REQUIREMENT: Restate each entry exactly, without pictures.

** EXERCISE MATERIAL follows **

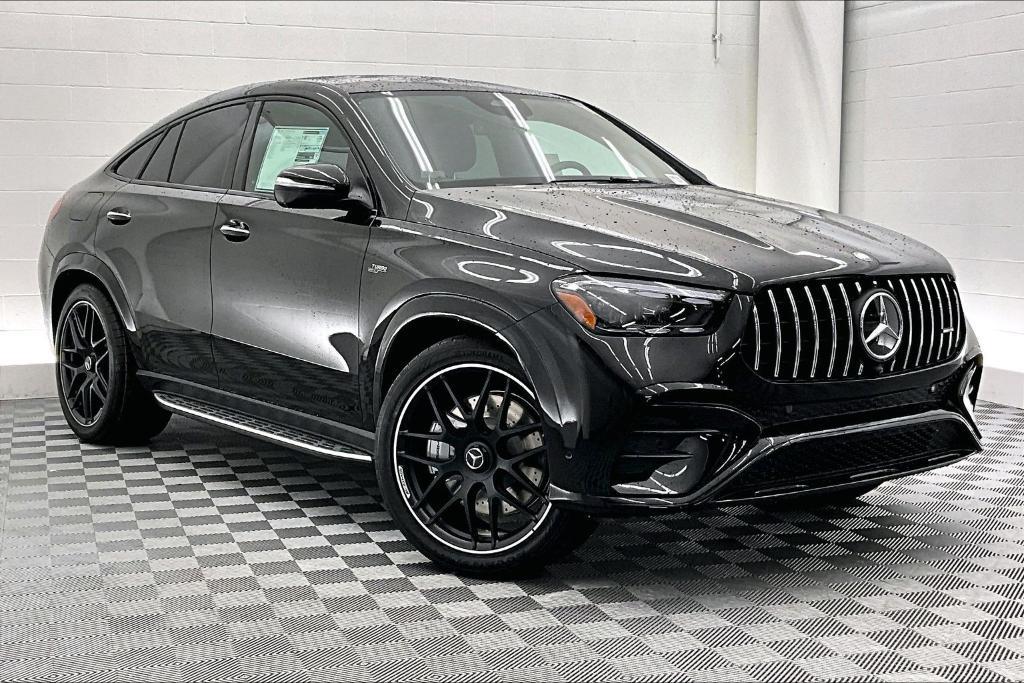 new 2026 Mercedes-Benz AMG GLE 53 car, priced at $99,580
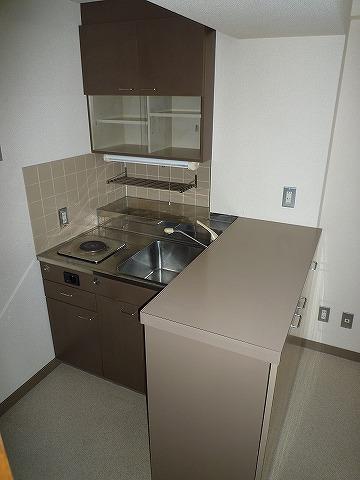 アルスビル キッチン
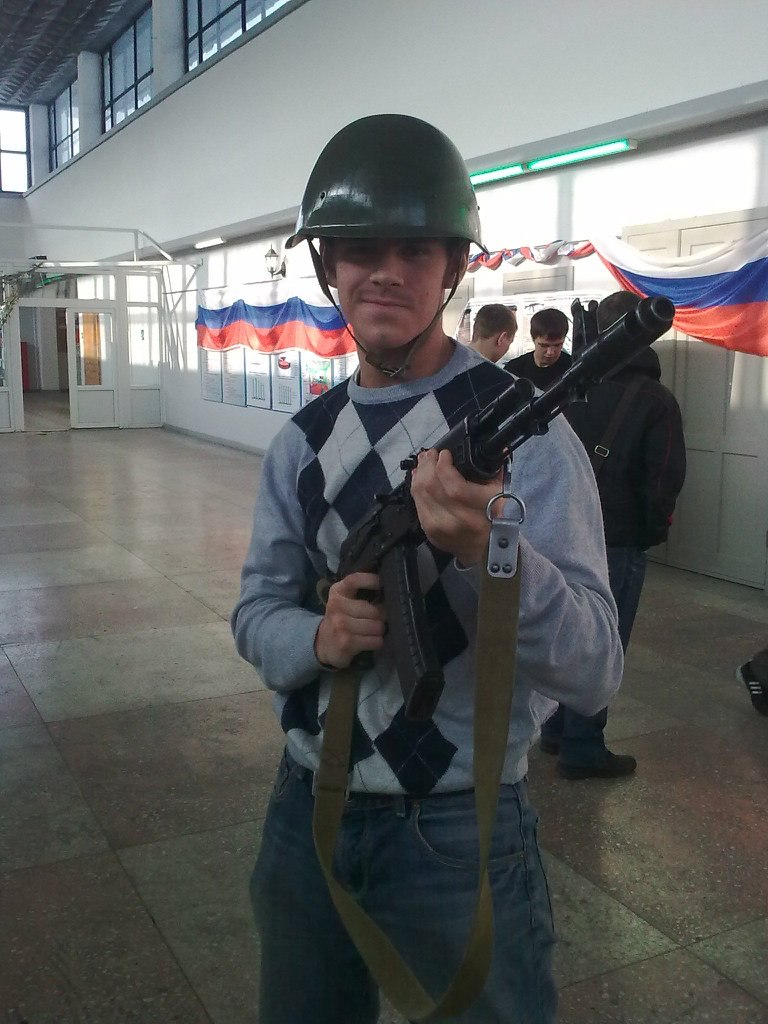 Николай Коваленко | Новокузнецк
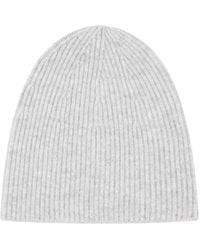 Loop Cashmere - Cashmere Beanie - Lyst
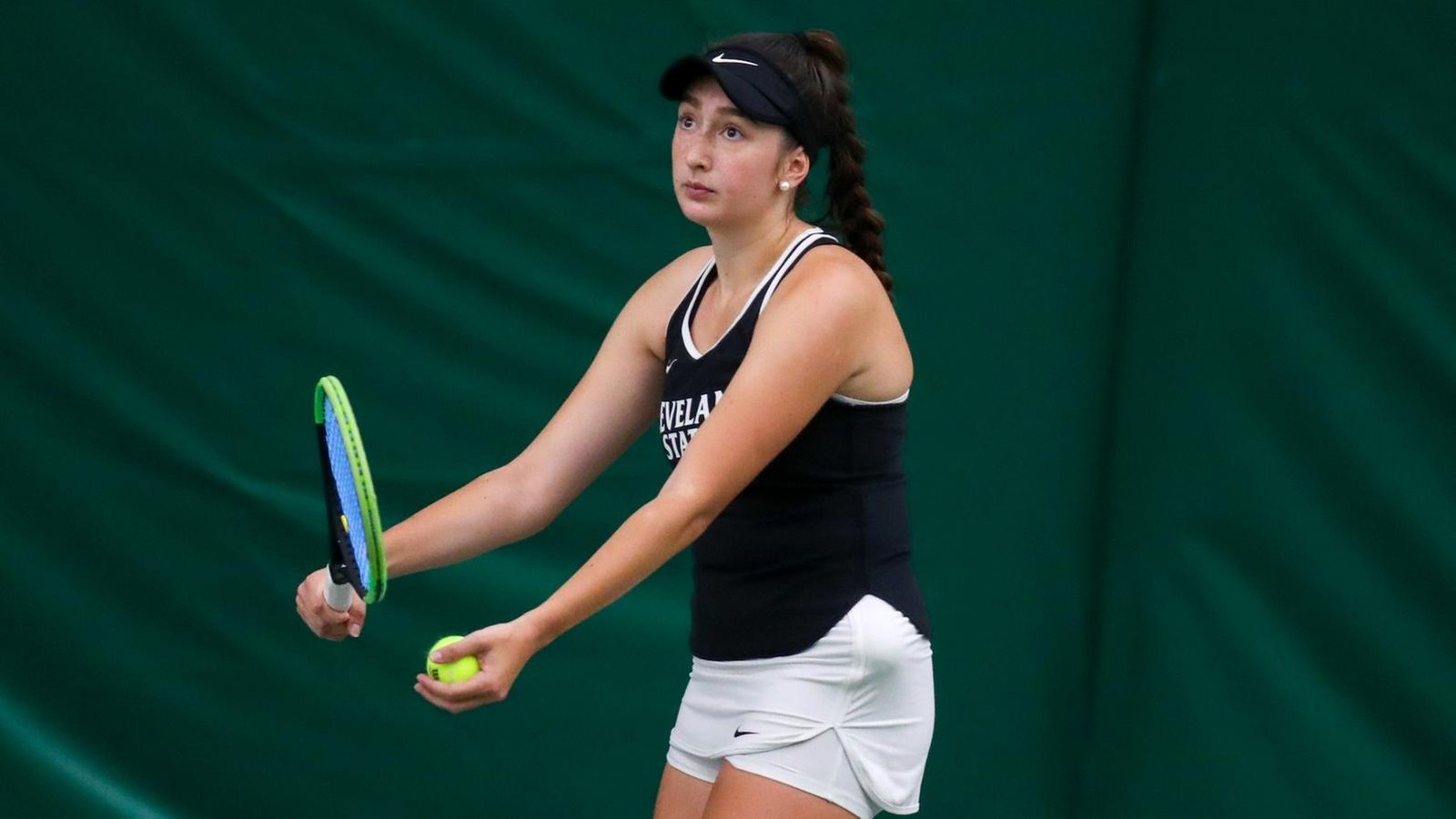 Women’s Tennis Drops 4-3 Match At Eastern Michigan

** End of EXERCISE MATERIAL **

EXERCISE SOLUTION:
 new 2026 Mercedes-Benz AMG GLE 53 car, priced at $99,580
 アルスビル キッチン
 Николай Коваленко | Новокузнецк
 Loop Cashmere - Cashmere Beanie - Lyst
 Women’s Tennis Drops 4-3 Match At Eastern Michigan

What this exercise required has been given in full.